With anxiety mounting across Europe that industrial layoffs will mean major plant closures and cascading job losses in thousands of smaller companies, national governments find themselves on a collision course with the EU, though they know that their best chance of salvation lies in concerted European action. In Brussels, there is awareness that the crisis offers real political opportunity, even if the Commission has yet to grasp it.
The time has come for a new EU industrial policy framework that would permit Brussels to use its “honest broker” status to manage competing interests. The Commission’s eurocrats should dust off their files from 30 years ago and recall how their predecessors handled a steel crisis that threatened to provoke an intra-European trade war.
In the late 1970s, the Commission declared a state of “manifest crisis” and agreed with member governments on the details of what came to be called the Davignon Plan. Drawn up by the Belgian member of the Commission who held the industry portfolio, several of its provisions are clearly relevant to the current situation, not least to the automobile industry.
The Davignon Plan imposed Europe-wide production and price controls, monitored and coordinated national government state aid, organized the closures of outdated plants, encouraged mergers and awarded EU funding to retraining schemes for redundant steel workers. Its overall aim was to make the backbone of Europe’s heavy-engineering sector more competitive internationally.
The plan’s author, Vicomte Etienne Davignon, recently commented in the Belgian press that he could not understand why the Commission is not doing something similar today.
“To do so would legitimate national aids [to carmakers] but would ensure they are based on a common EU-level strategy,” he wrote.
The signals from the Commission, though, are not encouraging. Industry Commissioner Gunther Verheugen recently reacted to calls by both General Motors and Renault for a more “proactive” EU role in coordinating bailouts by saying: “There will be no sector-specific plans whatsoever.”
He emphasized that Brussels has neither the funds nor the desire to rescue the motor industry, and saw little similarity between the systemic risks of the financial services sector and the problems faced by the manufacturing branches.

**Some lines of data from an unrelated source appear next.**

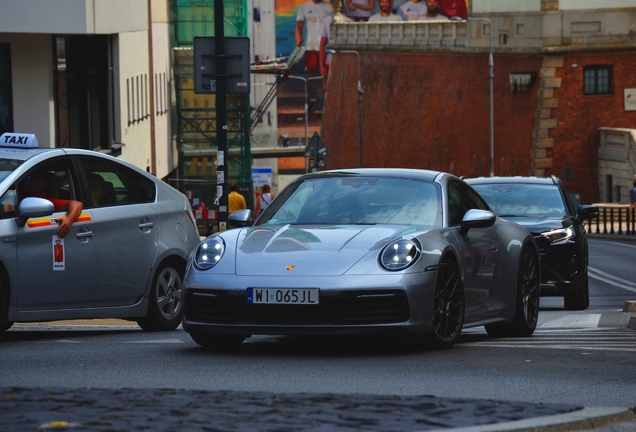 Porsche 992 Carrera 4S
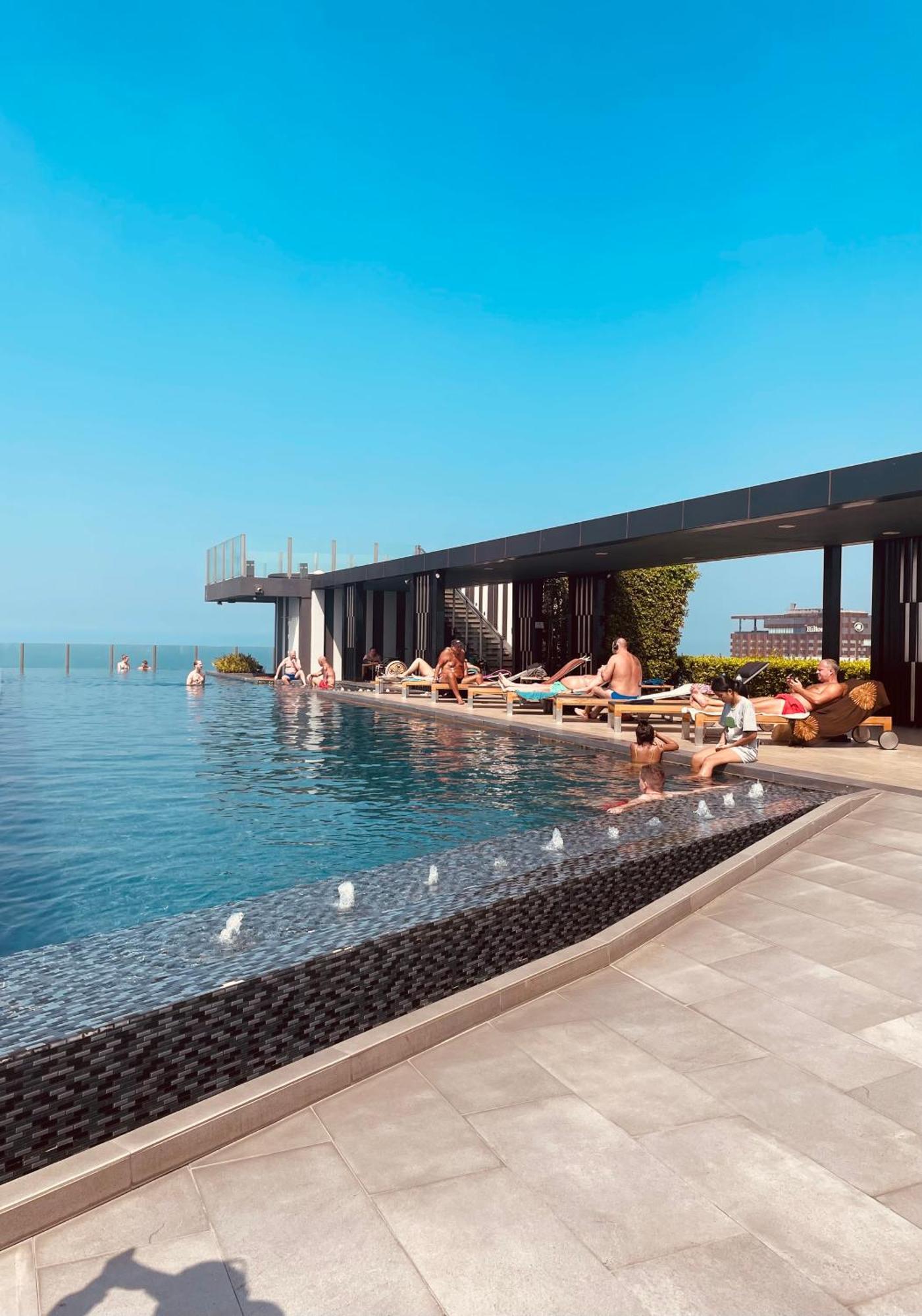 The Base 1 Bed 1 Bath Apartman Pattaya Kültér fotó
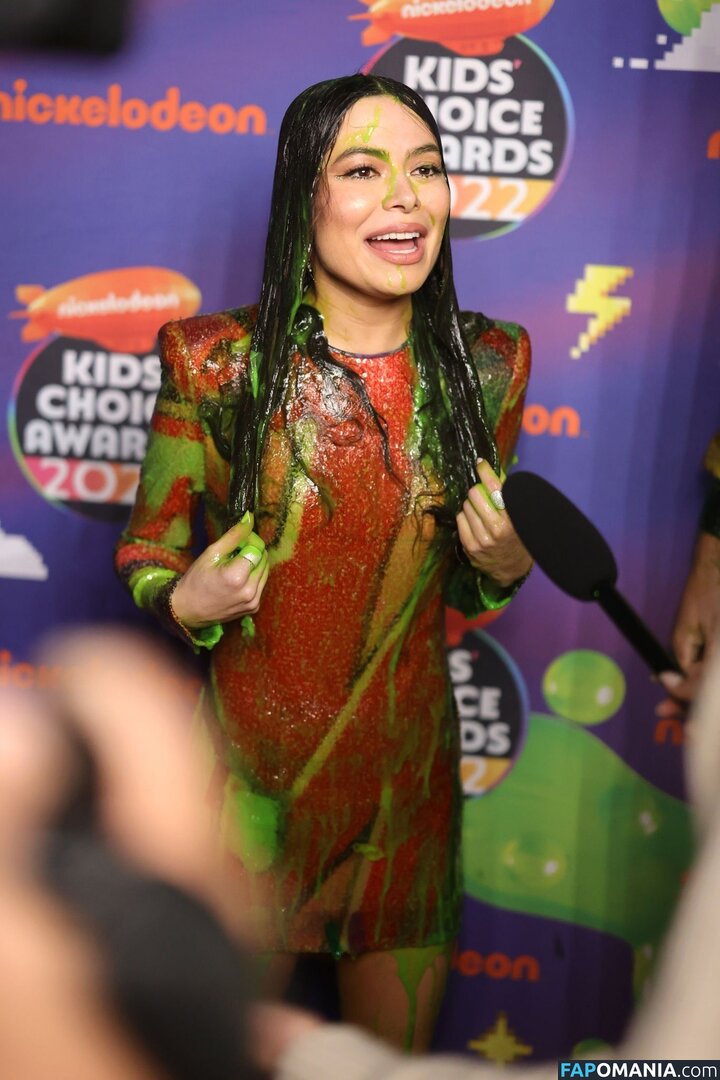 Miranda Cosgrove / MirandaCosgrove / onlyfanssz Nudo OnlyFans  Foto trapelata #451
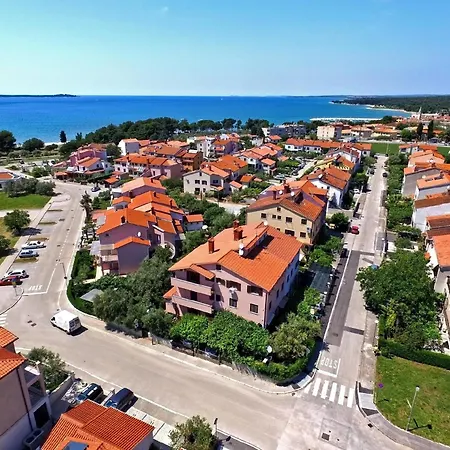Fuer 2 Personen Ca 34 Qm In Fazana, Istrien Istrische Riviera Apartment *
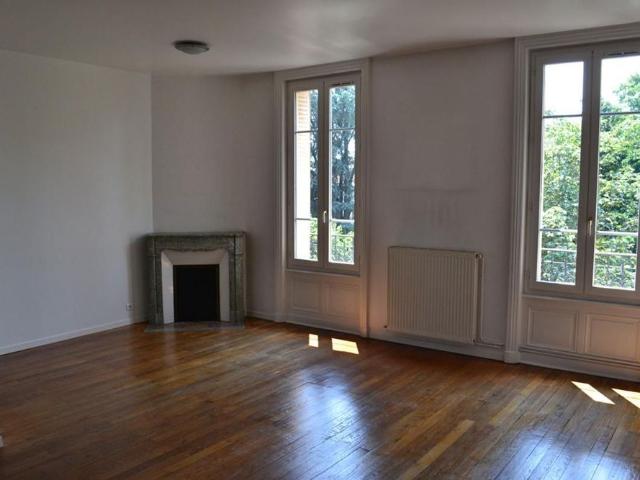 ROANNE A LOUER STUDIO MEUBLE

That will be a matter of opinion until the recession begins to abate; the truth is that we don’t know whether this crisis will be a snowball that grows layer by layer or an avalanche that sweeps away entire industries. In either case, the Single Market will come under increasing pressure.
The Commission rightly says that in this age of globalization there is no longer such a thing as a national carmaker, but there are still national plants and national payrolls that politicians facing elections will be desperate to defend.
It doesn’t really matter whether a new crisis-beating EU strategy bears some resemblance to the largely forgotten Davignon Plan. The important point is that Europe should be seen to have set out a common framework for addressing the slowdown. Eurocrats insist that the necessary policy instruments and rules are already in place, but that is to ignore political reality. Unless the EU’s internal-market rules can be made more flexible, member governments will flout them.
The crisis has also underscored a longer-term need for a more concerted EU approach to industrial policy. There is a growing awareness in Europe that the crisis is set to reshape our industrial base as Asian countries take over many advanced technology fiefdoms from the EU and the US.
But Europe’s 10-year-old Lisbon strategy to secure global high-tech leadership is widely discredited, which is a further reason to include a large research and development component in any EU-wide industrial program.
Presentation is an essential part of any political process, and it’s the part where the European Commission is least competent. Industrial leaders and ordinary citizens alike want to be told that the EU is working on a policy approach that looks farther ahead than the gloomy present. Verve and fanfare may be alien to Brussels, but what is urgently required is a sense of political showmanship that restores confidence in the European project as well as the economy.
Giles Merritt is secretary-general of the Brussels think tank Friends of Europe and editor of the policy journal Europe’s World.